清見潟波のとざしも明け行月をばいかに夜半の関守
立たぬ日もありと聞きし田子の浦波にも、旅の衣手はいつとなく潮垂れがちなり。富士の山を見渡せば、いと深く霞込めて、時知らぬ山とも更に見えず。朝日の影に高嶺の雪なをあざやかに見えて、鏡をかけたるやうなり。筆も及びがたし。
時知らぬ名をさへ込めて霞む也不尽の高嶺の春の曙
富士の嶺の煙の末は絶えにしを降りける雪や消えせざるらん
それより浮嶋が原を過、箱根に詣づ。
新古今和歌集巻第十七 雜歌中
五月の晦に富士の山の雪白く降れるを見てよみ侍りける
在原業平朝臣
時知らぬ山は富士の嶺いつとてか鹿の子まだらに雪の降るらむ
よみ:ときしらぬやまはふじのねいつとてかかのこまだらにゆきのふるらむ
意味:五月末というのに、季節をわきまえない山である富士の嶺では、鹿の子のまだら模様のようにまだ雪が残っている。

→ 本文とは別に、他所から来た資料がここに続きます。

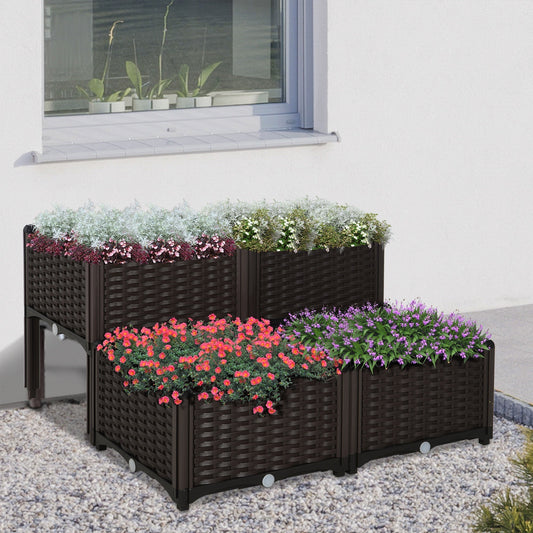 Four brown raised garden beds with flowers on a patio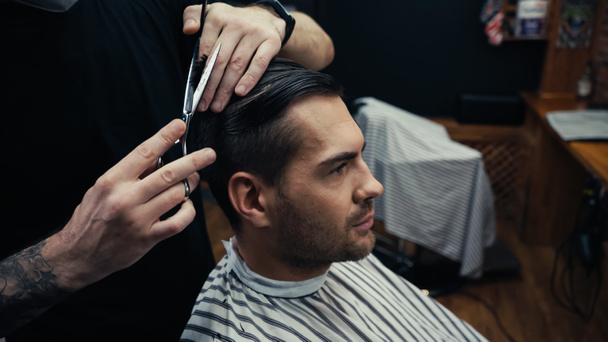 Tatoué coiffeur coupe les cheveux de l'homme en cape de coiffure dans le salon  - Photo, image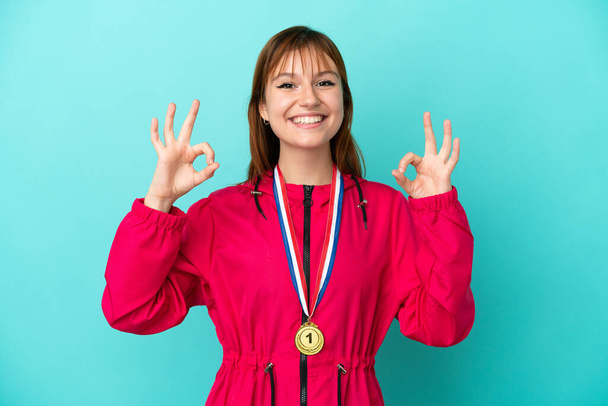 Zrzka dívka s medailemi izolované o modré pozadí ukazující ok znamení s prsty - Fotografie, Obrázek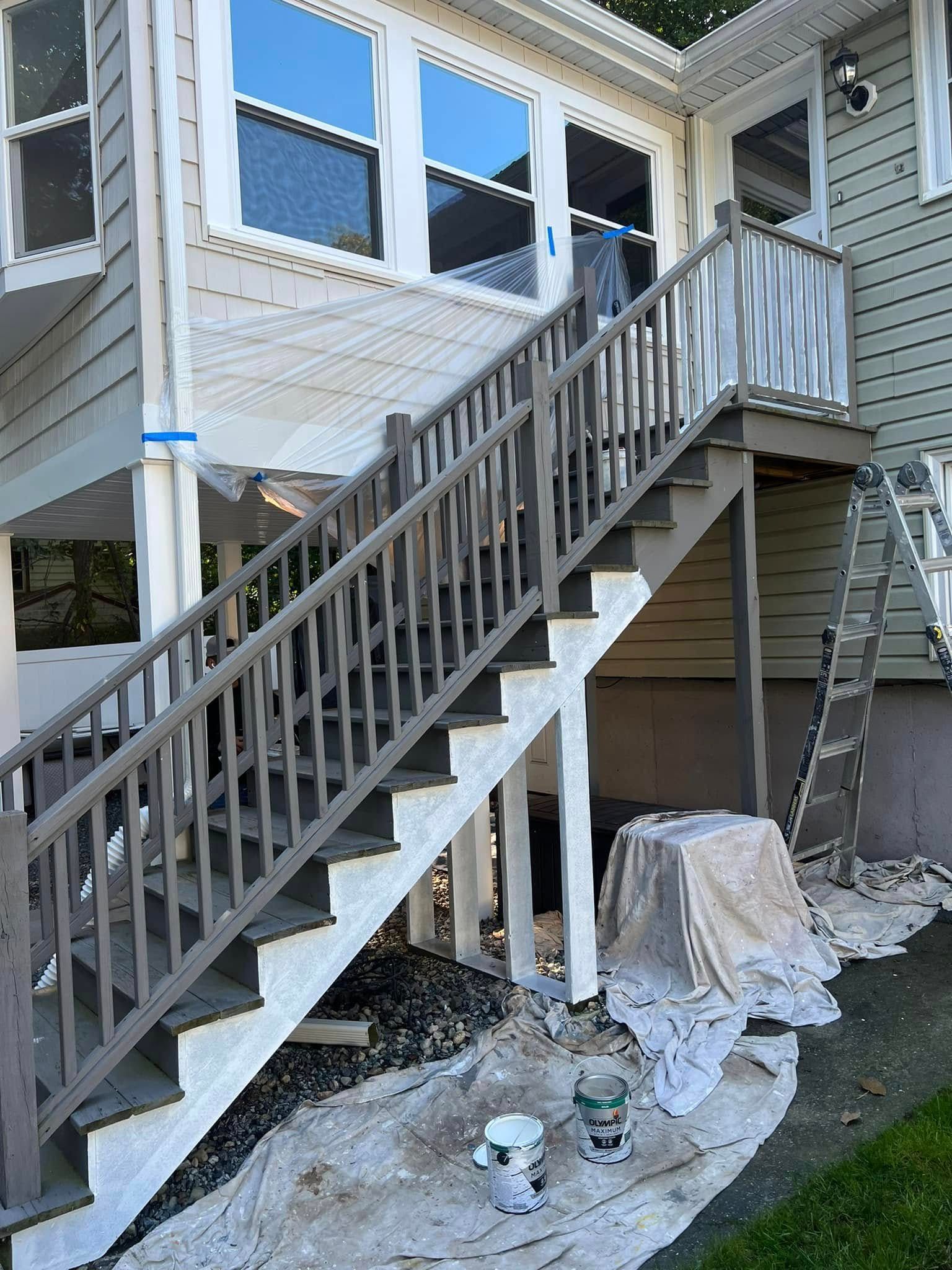 The stairs of a house are being painted.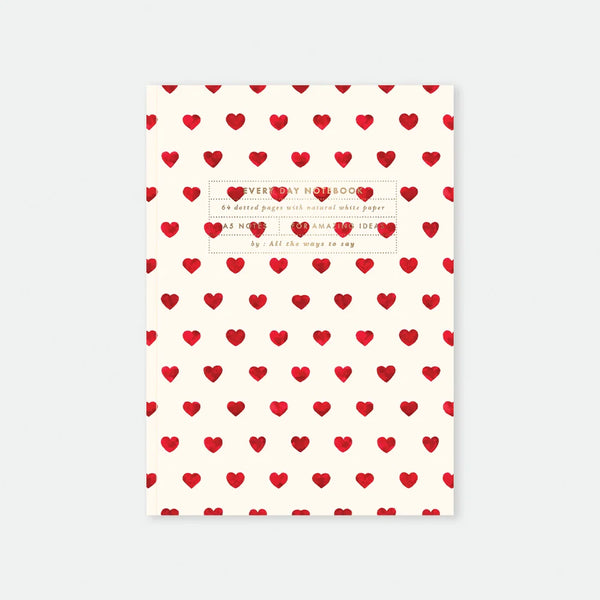 A5 notebook cover by All The Ways To Say featuring a repetitive pattern of small red watercolor hearts on a cream background.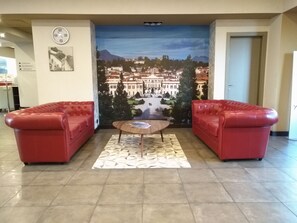 Un vestíbulo con dos sofás de cuero rojo, una mesa de centro de madera, un reloj y un mural de un paisaje urbano.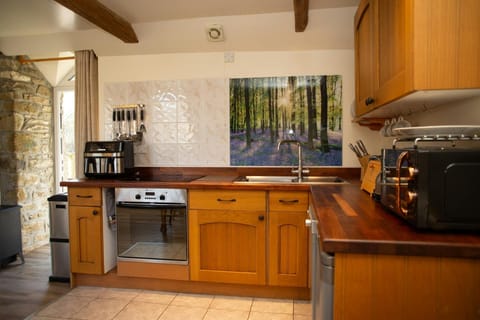 Kitchen with electric oven and air fryer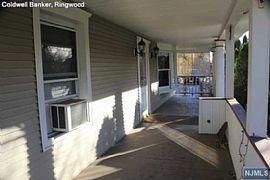  Bright and Spacious Cape Cod with Lemonade Porch! in Haskell, NJ (Photo 2 of 8)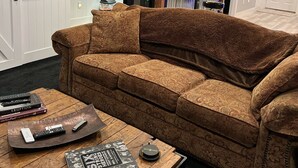 A cozy living room with a patterned sofa, a wooden coffee table with books and a remote control, and a kitchen area in the background. - Your Very Own Sports Bar! (Post Falls)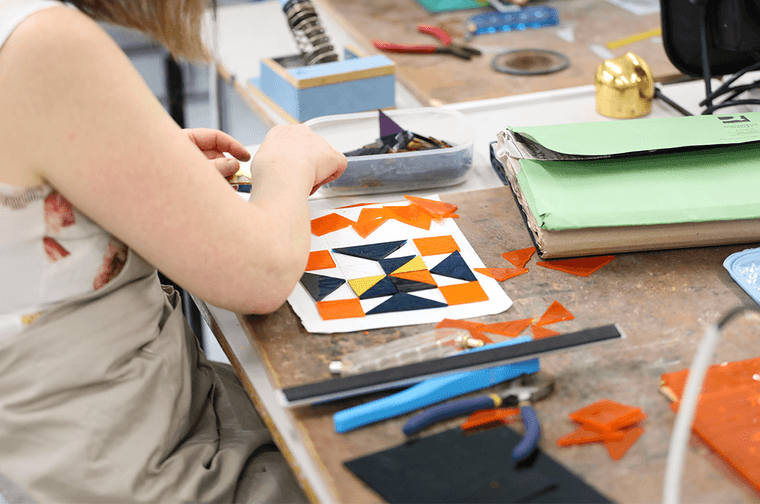 A person is arranging orange and black glass into a pattern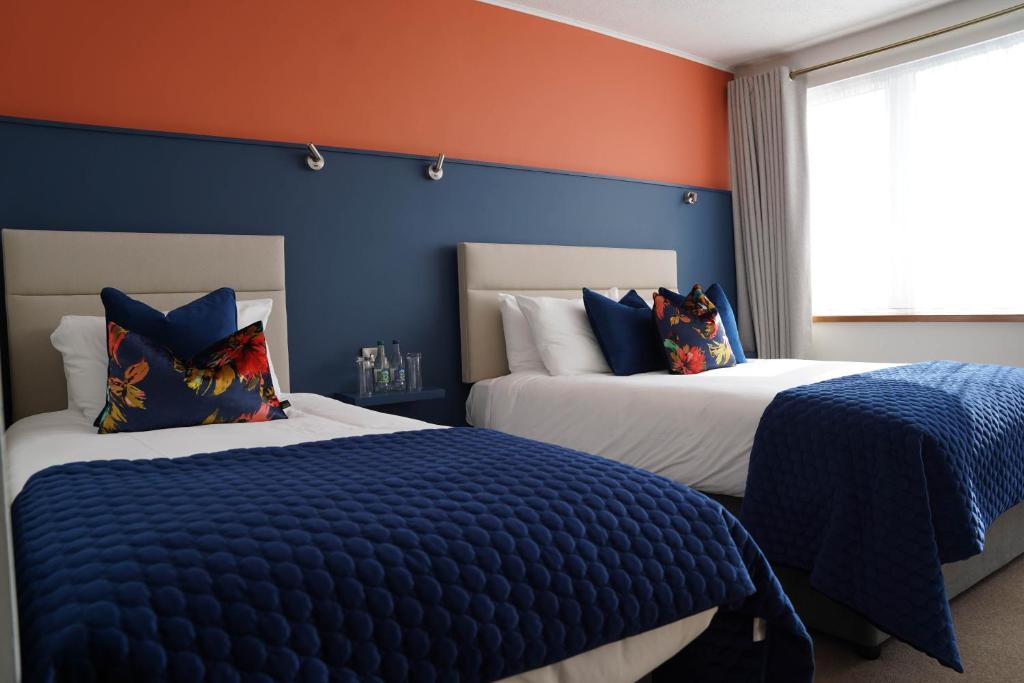 克利夫登欧科克及布朗酒店的卧室设有两张床铺,拥有蓝色和橙色的墙壁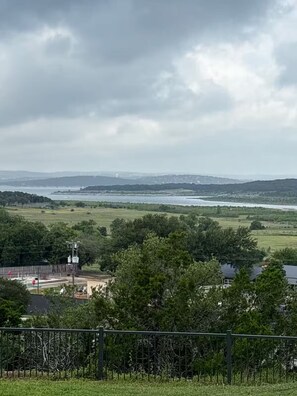 Vista de uma paisagem costeira com estrada, árvores e um corpo d'água ao longe.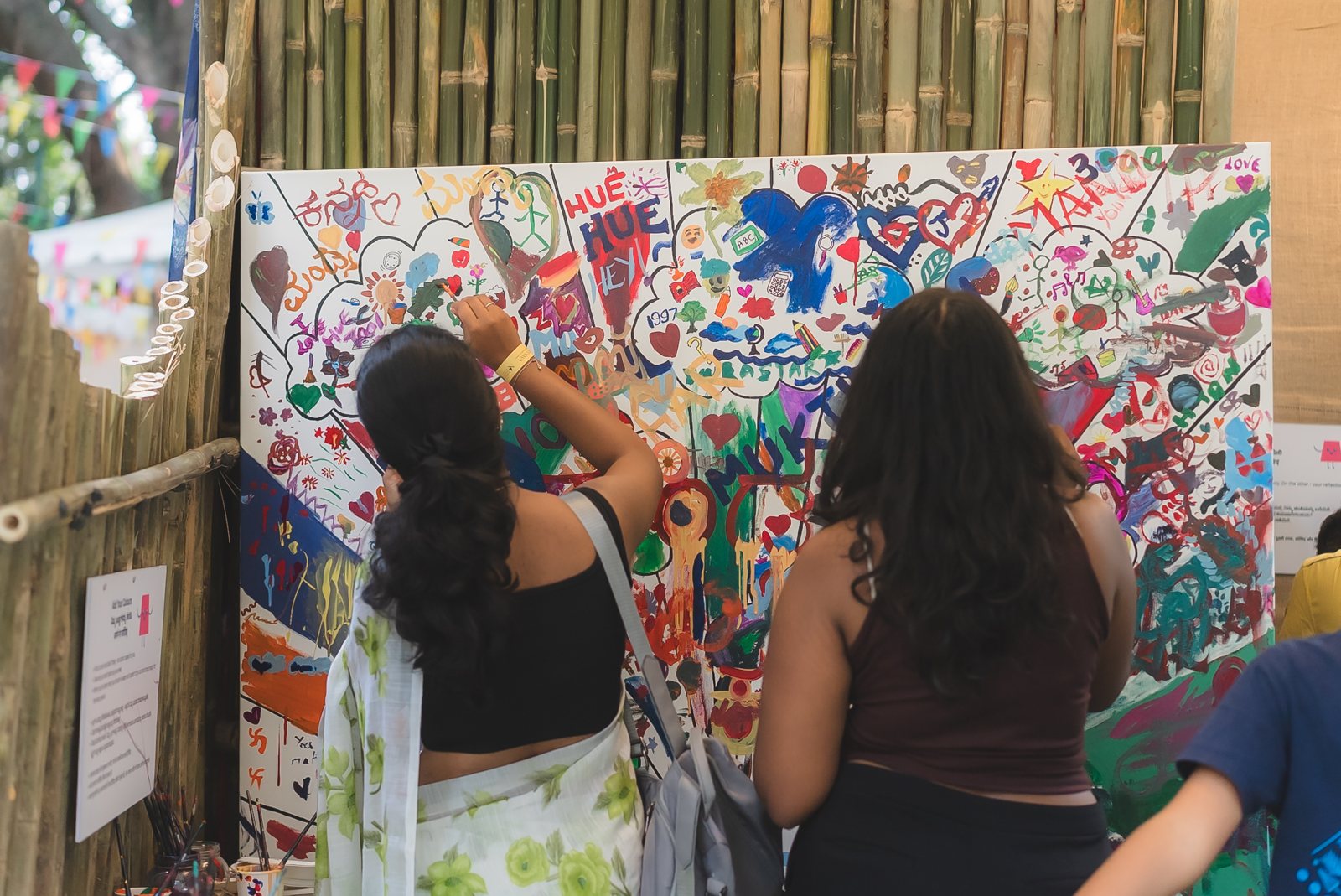 Visitors painting a collaborative wall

備考:伊勢物語 九段、古今和歌六帖 「降るらむ」を「まだ雪が残っている」とした。
伊勢物語 九段
するがの国にいたりぬ。うつの山にいたりて、わがいらんとする道はいとくらふ、ほそきにつたかえではしげり、物心ぼそく、すゞろなるめを見る事とおもふに、すぎやうじやあひたり。かゝるみちへ、いかでかいまするといふをみれば、見し人成けり。京に其人の御もとにとて、ふみかきてつく
するがなるうつの山べのうつゝにもゆめにも人にあはぬなりけり
ふじの山をみれば、さ月のつごもりに、雪いとしろうふれり
時しらぬ山はふじのねいつとてかかのこまだらにゆきのふるらん
其山は、こゝにたとへば、ひえの山を廿ばかりかさねあげたらん程して、なりはしほじりのやうになん有ける。
古今和歌集巻第十一 恋歌一
題しらず 読人知らず
駿河なる田子の浦浪立たぬ日はあれども君を恋ひぬ日ぞなき
都のつと
都のつとは、観応(1350)の頃、筑紫を出て諸国を放浪した、宗久の紀行文。修行のため東国への旅を思い立ち、東海道を下った。旅の道すがら歌枕を訪ねて鎌倉まで辿り着いたが、ここで旧知の人の他界を知り、常陸、甲斐などを遍歴して秩父で年を越した。そして春、上野へ越える途中、風流人のもとに引き留められたが再開を約して辞し、8月に寄ってみるとその人の初七日にあたっており、無常迅速を驚き、追悼の歌を残して去った。その後、白河関を越えて陸奥国に入り、歌枕を訪ねて塩竈、松島を巡り、またその時々、各地で様々な見聞を重ねながらの旅った。その後、帰途につき武蔵国で道連れを得て、末の松山や塩竃の土産を贈って歌を贈答し、帰京の途に就くに当たり、道中の名所の印象を、忘れぬうちに記しておき、これを「都のつと(土産)」にするのだというところで、筆をおいている。